Le Figaro : Chaque fois que vous réunissez vos ministres en séminaire, vous leur demandez d’occuper d’avantage le terrain. Pourquoi le font-ils aussi peu ?

Alain Juppé : Je peux vous dire qu’ils sont beaucoup sur le terrain ! Je trouve que le gouvernement est bon. Dans beaucoup de secteurs, des ministres ont effectivement, comme tout le monde et comme moi, fait leur apprentissage, mais ils l’ont bien fait.

Le Figaro : Votre modestie n’a-t-elle pas été offensée par les tonnes de fleurs que M. Bayrou vous a lancées ?

Alain Juppé : Recevoir des compliments n’est jamais désagréable. En ce moment, je n’ai pas d’excédent en la matière. Quand il y en a, je les prends volontiers. Le gouvernement forme une bonne équipe, solide, unie. J’ai siégé dans d’autres gouvernements, en 1986 et en 1993, je n’ai jamais vu aussi peu qu’aujourd’hui de rivalités et de croche-pieds entre ministres.

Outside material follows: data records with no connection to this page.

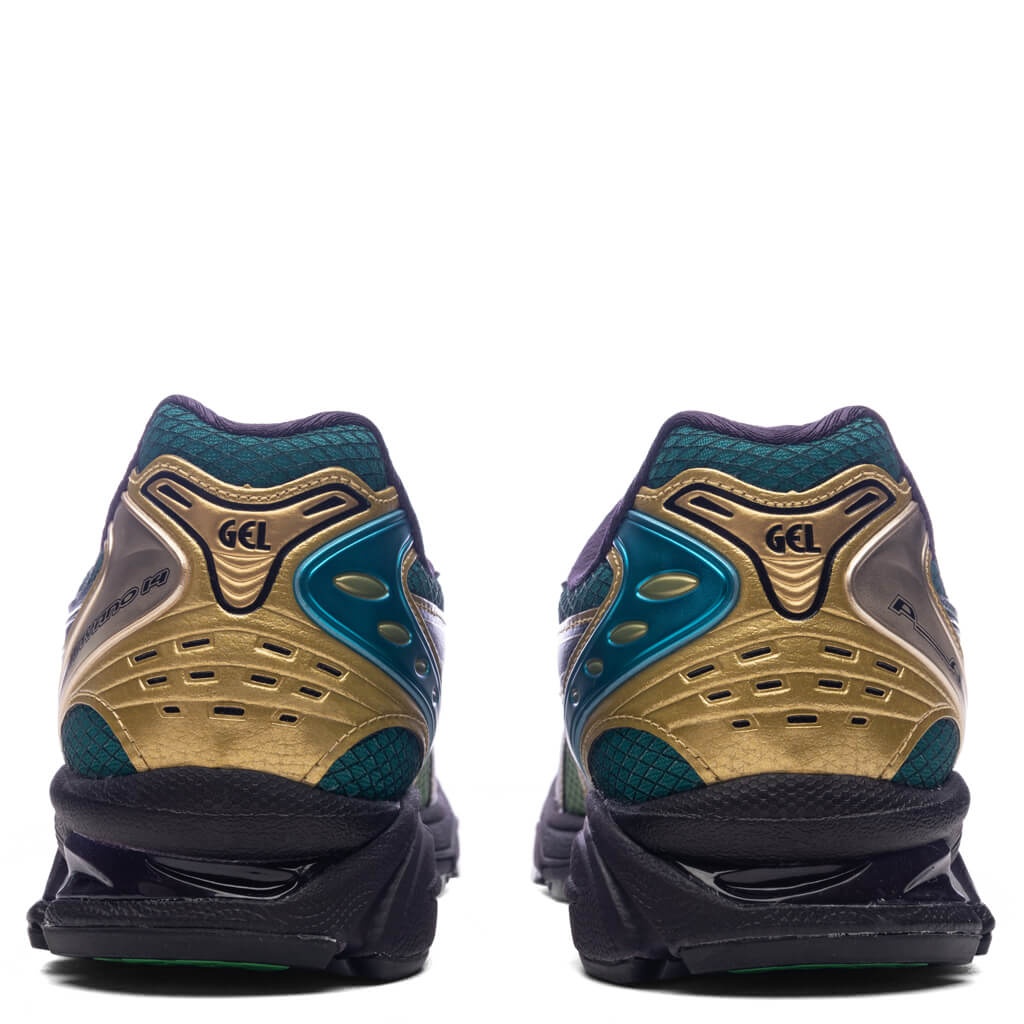 ASICS X P.ANDRADE GEL-KAYANO 14 - GRADATION GREEN/GREEN - 4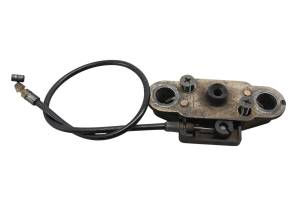 Suzuki - 98 Suzuki GSX-R750 Seat Lock Cable - Image 2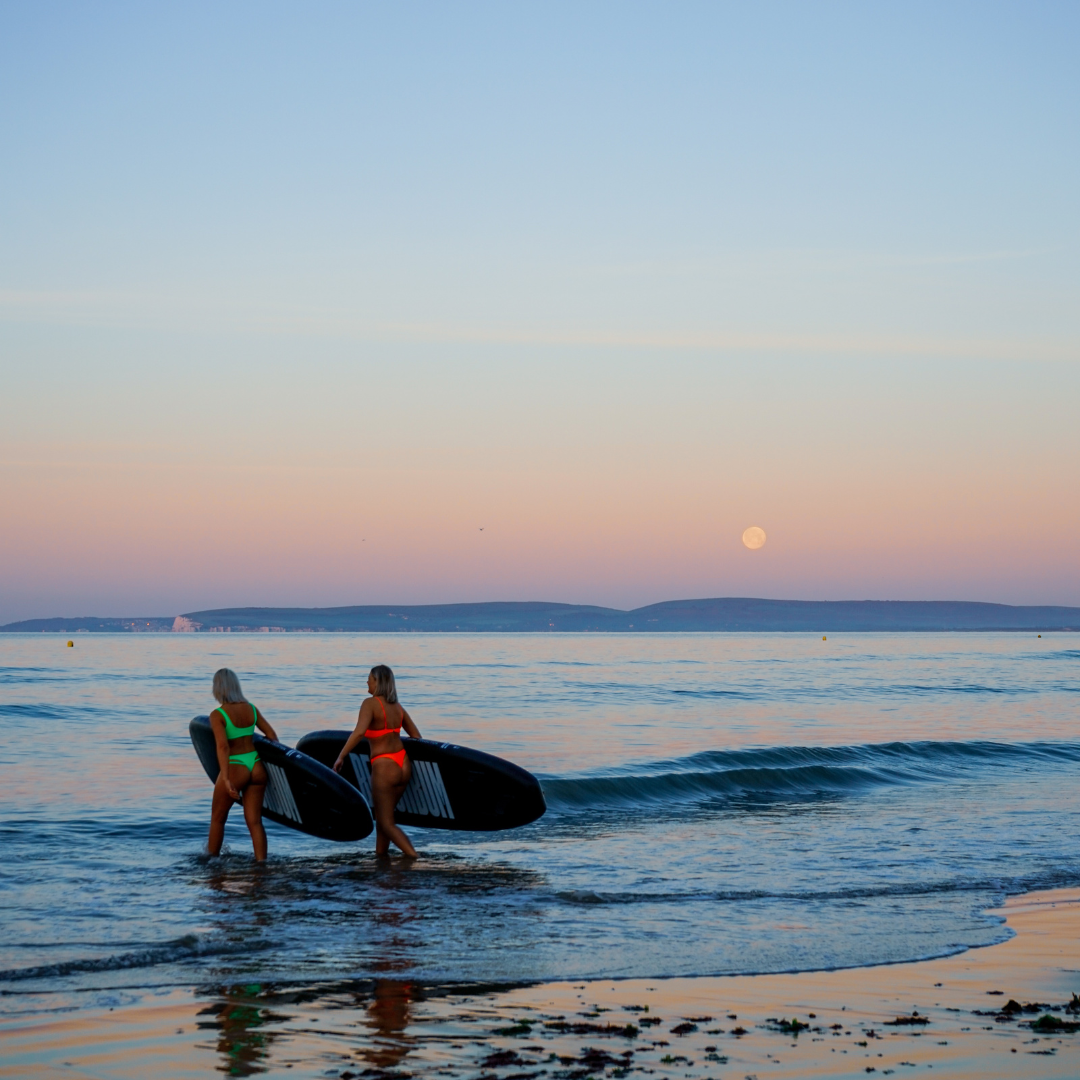 THE OG PADDLE BOARD FULL KIT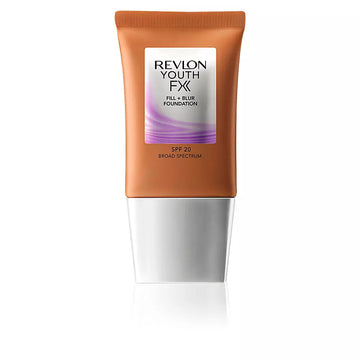 REVLON-Base YOUTHFX FILL BLUR SPF20 400 caramelo 30 ml-DrShampoo - Perfumaria e Cosmética Main image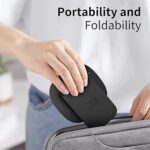 Mobile Stand Foldable & 360° Rotatable Mobile Stand (1 Pc) - Image 4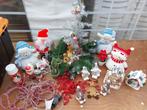 Décoration de Noël, Diversen, Kerst, Gebruikt, Ophalen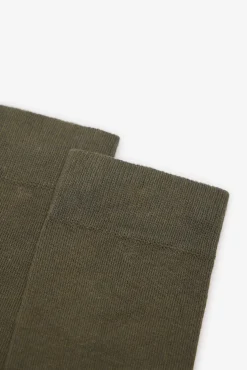 Hombre Cortefiel Calcetines>Calcetín liso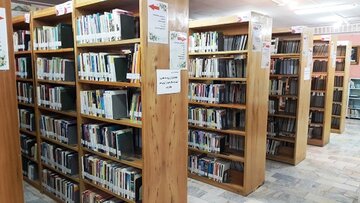 اهدای ۱۰ هزار جلد کتاب به کتابخانه‌های عمومی تربت‌حیدریه
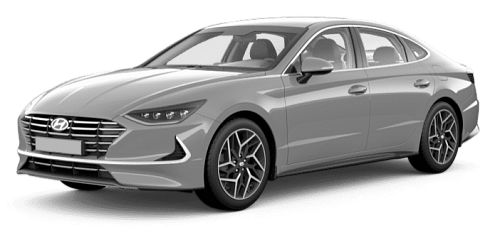 Баннер hyundai Sonata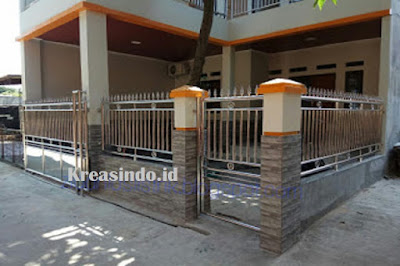Harga Berbagai Macam Pintu Minimalis Stainless Model Terbaru Harga Berbagai Macam Pintu Minimalis Stainless Model Terbaru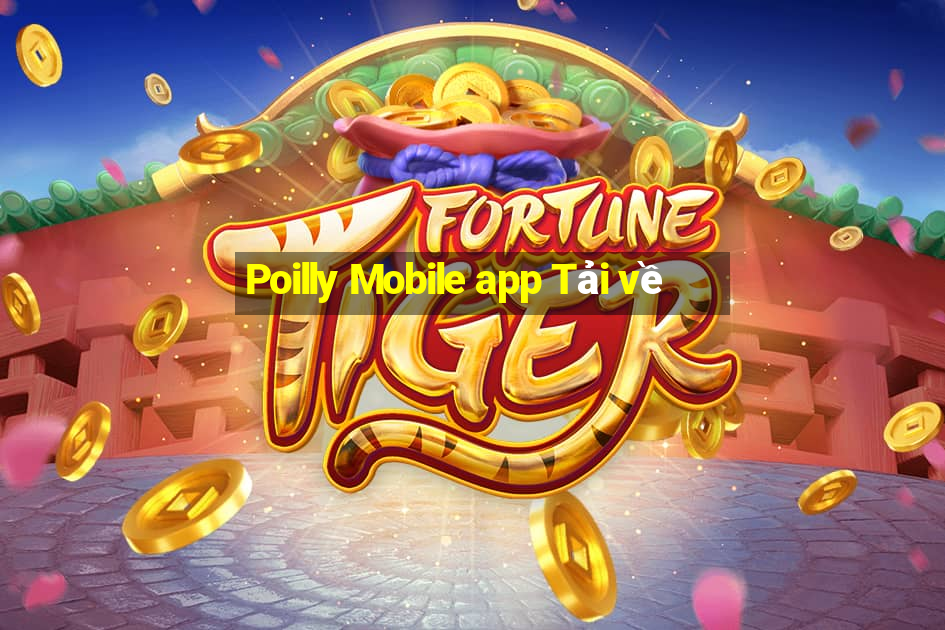 Poilly Mobile app Tải về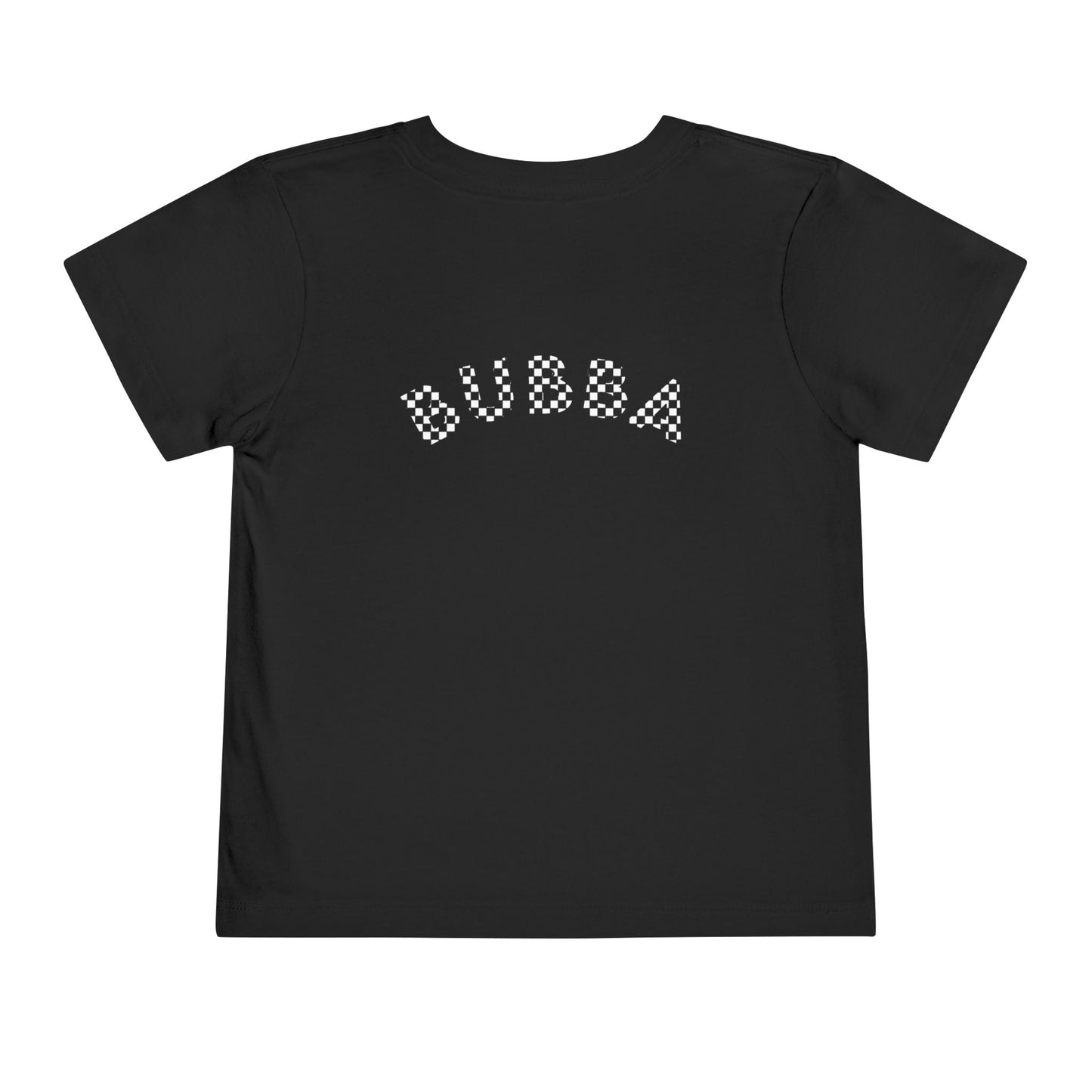 Pit Crew - BUBBA | Toddler Pit Crew Tee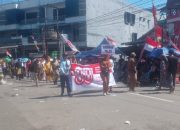 Semarak Karnaval Merah Putih HUT RI ke-80 di Kotabaru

Le Figaro : Un gouvernement qui vous convient à ce point vous paraît donc inamovible jusqu’aux législatives ?

Alain Juppé : Je ne ferai pas de pronostic à long terme, mais je ne vois pas pourquoi un gouvernement qui fonctionne bien ne continuerait pas à fonctionner.

Le Figaro : Dans vos moments de solitude, vous arrive-t-il de pratiquer l’autocritique ?

Alain Juppé : Je me suis fixé une règle en politique depuis que j’ai pris un peu de bouteille, c’est de laisser aux autres le soin de me critiquer.

Je garde l’autocritique pour mes Mémoires. Actuellement, nombreux sont ceux qui se chargent se dire ce qui ne va pas. Y compris dans certaines franges de la majorité. Je n’ai, pour ma part, aucun instinct suicidaire. Dois-je en rajouter ?

Le Figaro : Avez-vous l’impression d’être maltraité par les journalistes ?

Alain Juppé : Oui, bien sûr, mais c’est une impression générale qu’ont eue tous les chefs de gouvernement depuis que la fonction existe.

Le Figaro : Avez-vous parfois le sentiment d’être incompris de l’opinion ?

Alain Juppé : Non, pas du tout. Il y a un tel décalage entre ce que je lis et ce que j’entends chez les gens que je rencontre sur le terrain !

Je vois surtout des gens qui me disent : Tenez bon… On est avec vous ! Sans doute ceux qui ne le pensent pas évitent-ils mon chemin. Mais, enfin, je vous rassure : je ne passe pas mon temps à me faire critiquer dans la rue, au contraire.